Over the weekend, he hosted a pinball show in Chicago. His next big event will be Southern Pinball Festival Nov. 22-24 at the Crowne Plaza at Orlando Universal. Arcade businesses and collectors are among his top customers.
“I just sold and shipped a pinball machine to Karl Urban, who starred as Dr. McCoy on Star Trek, in the last two movies,” said Weimer, who noted one of the latest and most popular pinball machines is a limited edition Star Trek (priced $4,995), which is generating a lot of buzz. Only 799 of these were manufactured.
“Half of those go overseas and only 400 are in the U.S.,” Weimer said while showing the Star Trek pinball machine to one of his regular customers, Dario Compain of Tampa, who was impressed by the new game.
“I want this Star Trek. I really like it, I love the flow of it,” Compain said. “The ramps are very smooth, the shots are relatively easy, and as you get into it, it’s a little more challenging.”
Compain noted the new Star Trek is the first with LED lights. It will mark his 10th pinball machine to buy for his home.
Some customers prefer to invest in a new playfield for around $550, where Weimer will take an existing cabinet and install a new game.
“You can keep an eye on your kids, and for older people like myself, it provides great hand-and-eye coordination. It just keeps you going,” he said.
Weimer also noted pinball can be a monetary investment.
“This game here, The Family Guy, came out maybe four or five years ago, and that sold new for $3,695. Right now as a used machine it’s worth about $5,200,” Weimer said. “Pinball machines are better than the stock market right now. They go up in value and I attribute that to more people getting into the hobby.”
Whenever pinball repairs or restoration work is needed, Weimer picks up pinball machines from businesses or owners’ homes and does the work at his shop.
“ I don’t do house calls because you can’t carry all the parts that they need for them,” he said, recalling he began collecting pinball machines in 1992 and was spurred by encouragement from his son.
Weimer retired from construction when the housing market was at its peak.
“I got lucky,” he said. “I saw the verge of a bubble bursting; I saw it coming.”
He now keeps busy with doing restoration and repairs for pinball operators and private owners.
“We’ll do all new artwork on the sides and the front for the older machines. We’ll strip the cabinet down to the wood and put new artwork and everything on it.

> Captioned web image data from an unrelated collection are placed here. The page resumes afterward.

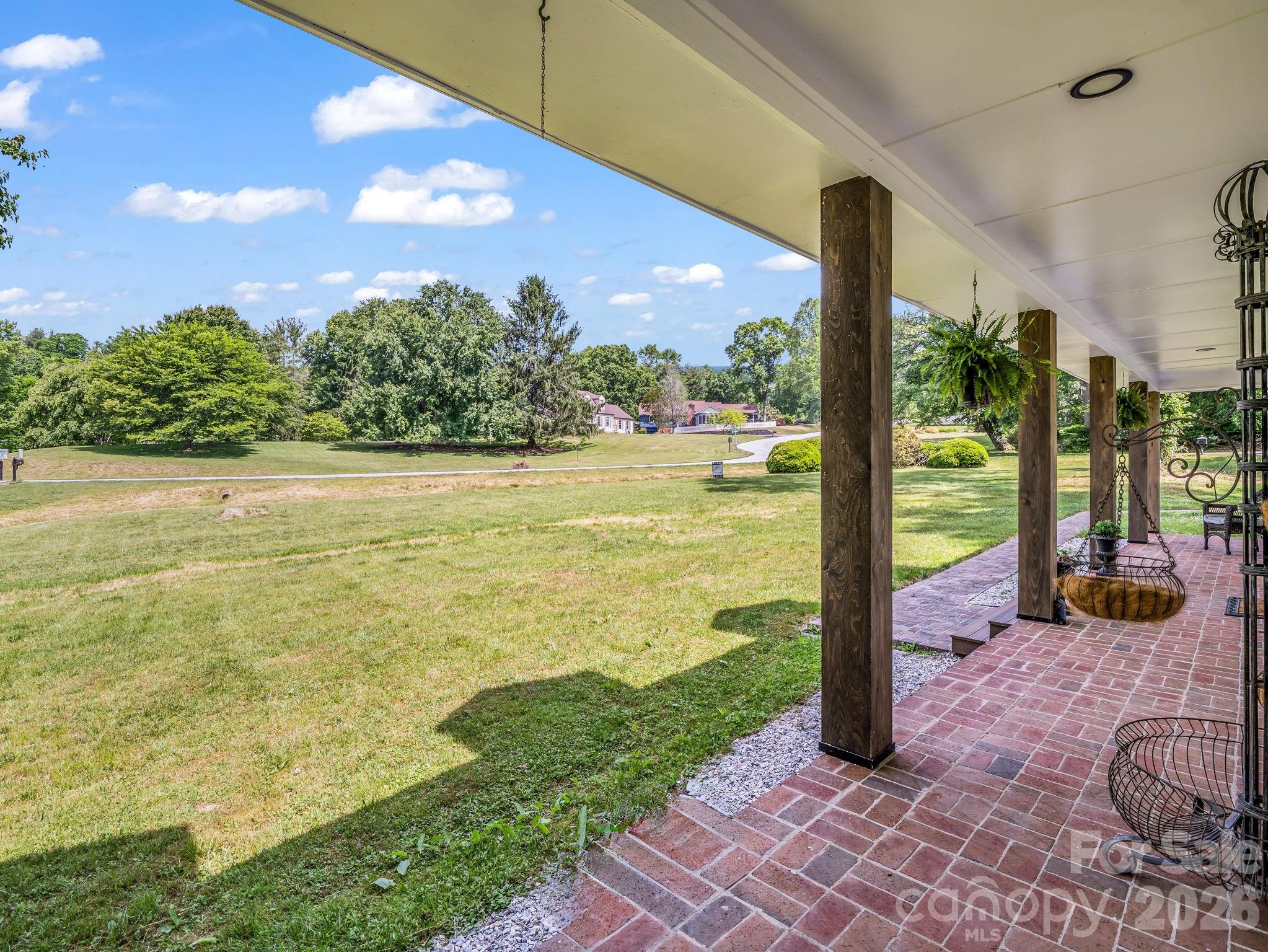 213 Raintree Drive Hendersonville, NC 28791 - Photo 4 of 48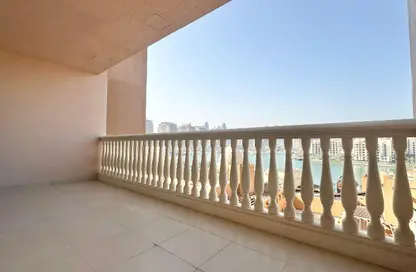 Apartment - 2 Bedrooms - 2 Bathrooms for rent in West Porto Drive - Porto Arabia - The Pearl Island - Doha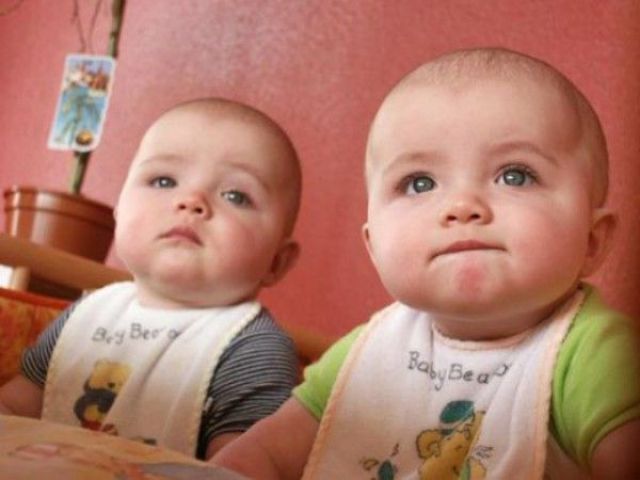 Such Sweet Twins (17 pics)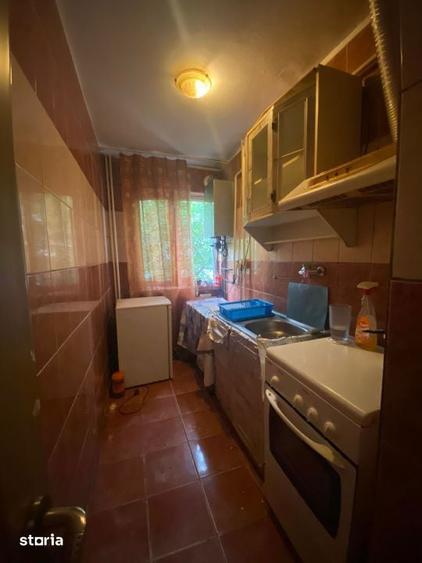 Apartament 3 camere, 65mp, decomandat, zona Racheta - 2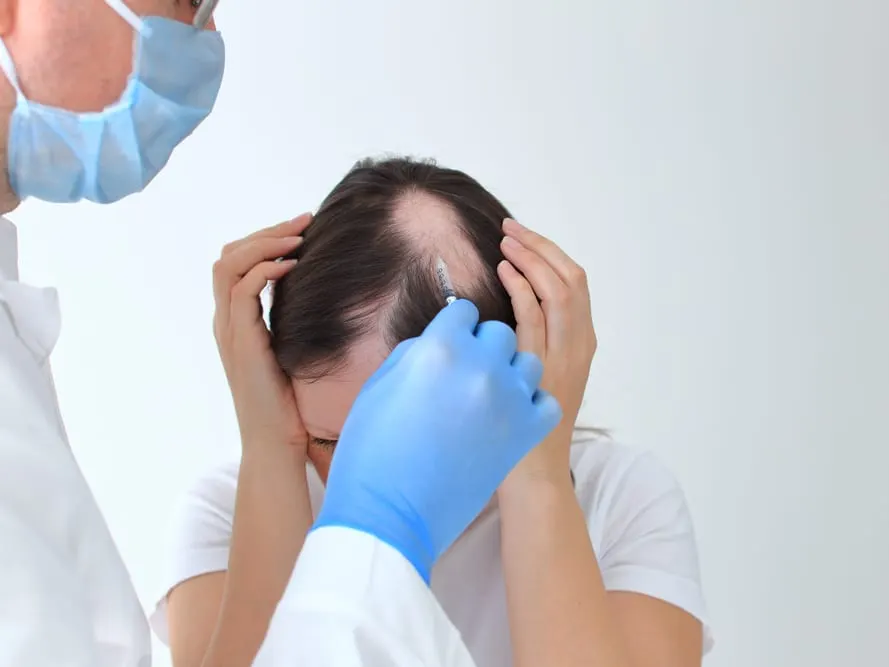 Patient gets PRP injections for alopecia areata in San Antonio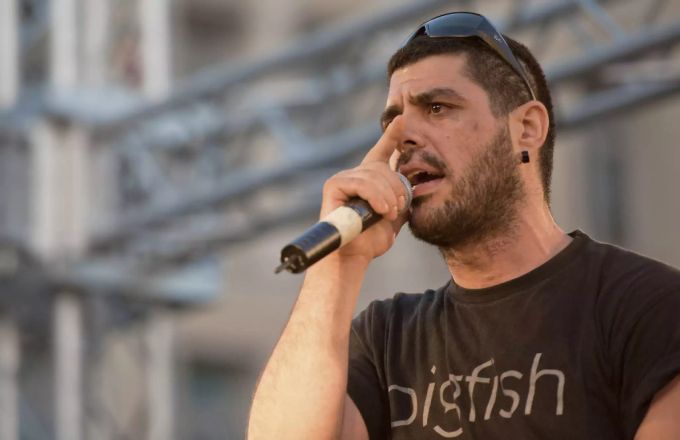 Pavlos Fyssas bei einem Auftritt im Juni 2011. Der Antifa-Rapper wurde 2013 von einem Anhänger der Goldenen Morgenröte erstochen. Pavlos Fyssas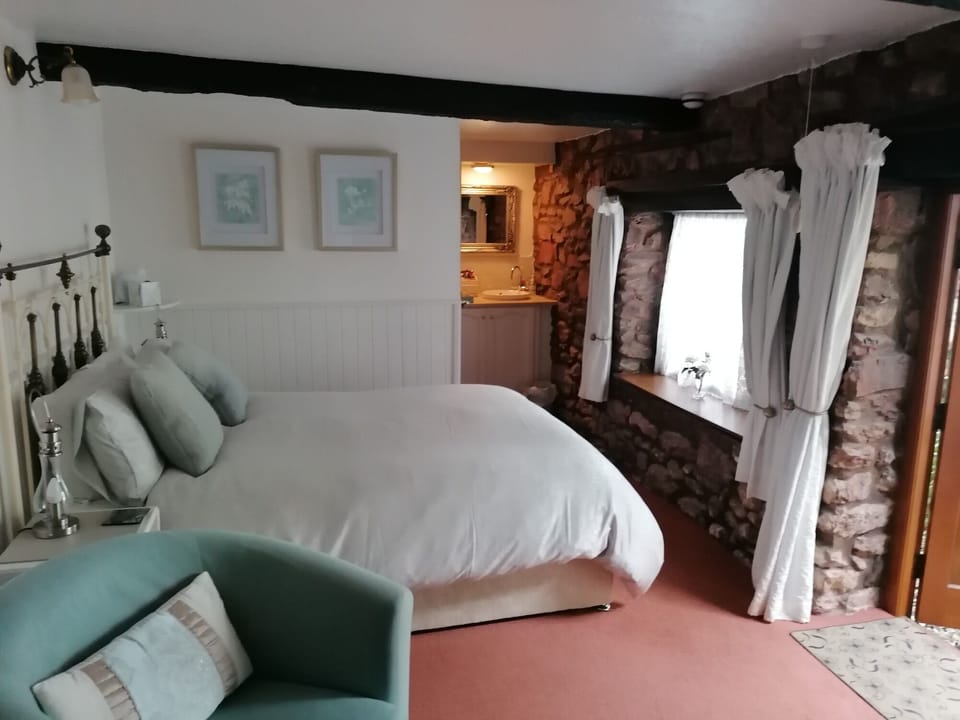 Standard Double Room, Ensuite | Premium bedding, Select Comfort beds, free WiFi, bed sheets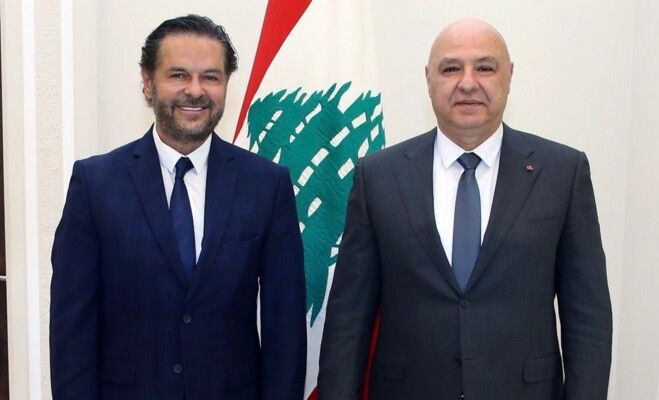 شاهد .. بين الفن والسياسة .. جوزيف عون يستقبل راغب علامة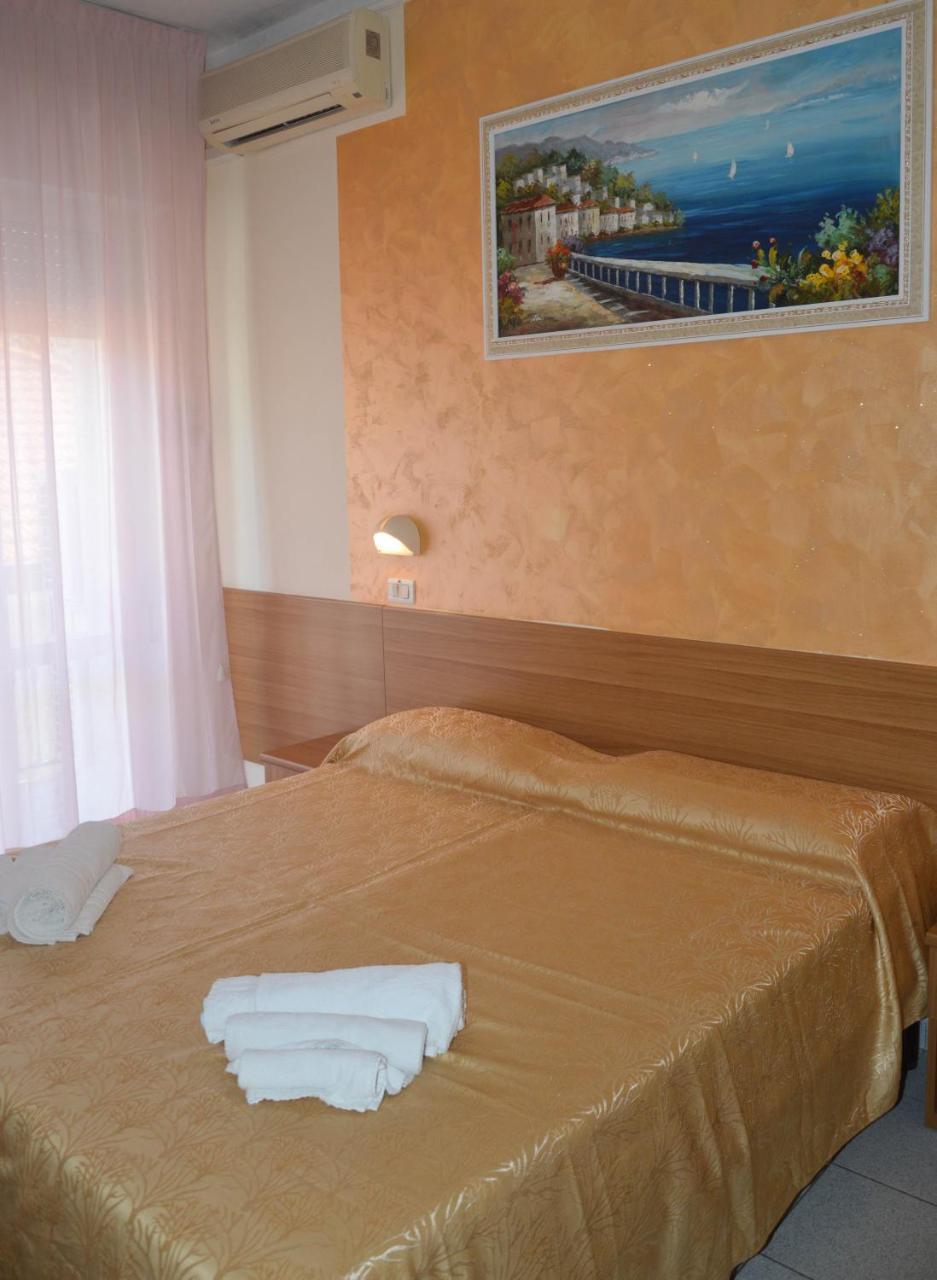 Hotel Karin Marebello ภายนอก รูปภาพ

I make them look new again, and we’ll even change out and put brand new playfields,” he said.
Customers find him from all over the globe, via the Internet and for being a supplier of needed parts to work on Williams/Bally pinball machines.
“As far as parts that have sent to different countries, I think the only country I haven’t shipped to was China,” he said. “Right have I have packages going to Brazil, and I’ve shipped to Argentina, Austria, Germany, Belgium.”
Many new pinball games Weimer can supply are still in their original boxes.
Weimer shows his Dale Earnhardt Jr. pinball machines from back in the day when the NASCAR driver was known as No. 8.
“He’s now No. 88 when he changed teams and it sort of killed this machine,” he said.